The IL Hall of Fame was established in 1947 but was dormant from 1964 until the league's 125th anniversary season in 2008. After a three-year transition period during which 50 inductees were chosen by a committee, this year's class marks the third chosen by the Hall's ongoing standard: each new class will consist of the top three vote-getters who also appear on a majority of the ballots submitted by living Hall of Famers, longtime executives, broadcasters and members of the media.
Signed by the Milwaukee Braves as a non-drafted free agent in 1958, outfielder Mack Jones played for the Toronto Maple Leafs (Braves) in 1962-63 and Syracuse Chiefs (Tigers) in 1964. His 1964 All-Star campaign remains one of the greatest in Syracuse team history: Jones still holds the modern-era single-season record for runs scored (109), total bases (336), triples (18) and RBIs (102). He led the circuit in homers (39), RBIs and runs.
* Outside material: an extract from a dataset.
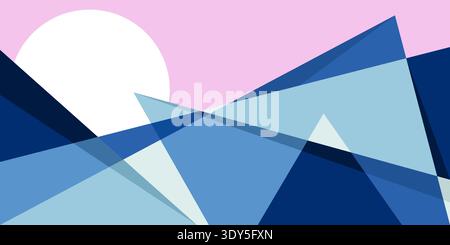 Mountain Abstract Wall Art Landscape Geometric Design Vector. Mountain Vector Poster Design Stock Vector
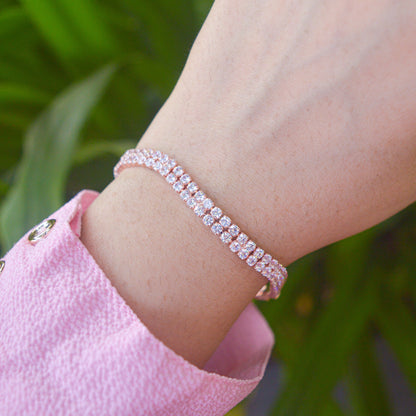 Round Diamonds Double Border Diamonds Tennis Bracelet  - Rose Gold Plated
Jones played for the Atlanta Braves in 1965, clubbing 31 homers and driving in 75 runs. After being traded to the Reds in 1967, he was the second player chosen by the Montreal Expos in the 1968 expansion draft and later became the first player to hit a Major League home run in Canada. Jones passed away at his Atlanta home in 2004.
After a big league career that spanned 15 seasons and 1,891 games with the Expos, Rangers and Red Sox, Larry Parrish became a heralded coach and manager in the Detroit Tigers organization. Parrish took over the Toledo Mud Hens on May 2, 1994, and guided them to a 56-62 record. Following a year-plus stint as the Tigers' big league manager in 1998-99, Parrish returned to Toledo from 2003-2006 and 2008-2010, where he led the Mud Hens to back-to-back Governors' Cup titles in 2005 and 2006. Parrish served as the Atlanta Braves' hitting coach in 2011 but is slated to return to the Tigers organization as Class A West Michigan's manager in 2013.
Parrish is Toledo's all-time leader in wins with 569 and earned 2005 IL Manager of the Year honors.
Don Richmond's pro career began as a 20-year-old with Batavia of the Pennsylvania-Ontario-New York League in 1940. He appeared in nine big league games with the Philadelphia Athletics in 1941 but was soon sidelined by World War II and did not return to the game until 1946, when he hit .292 with Toronto in the IL. After stints with Birmingham of the Southern Association (1947) and Toledo of the American Association (1948), Richmond returned to the International League in 1949. He played for Rochester for the next five seasons, reeling off a tremendous streak of hitting at age 30.
Richmond was named to the IL All-Star team in 1950 after hitting .333/.404/.520 with a career-high 99 RBIs and 126 runs scored. He won the IL batting crown again the following season with a .350 average and hit .329 as the Red Wings won the Governors' Cup in 1952. Richmond was part of another IL championship team with Syracuse in 1954 and finished out his International League career with Miami in 1956. In 1957 he returned to Batavia, 18 years later, and hit .381 as a player-manager.
Richmond hit .327 over five seasons with Rochester, good for fifth among the club's all-time batting leaders and remains the Red Wings' only two-time batting champion. He posted a .315 career average in just less than 1,000 International League games. Richmond passed away in Elmira, N.Y., in 1981.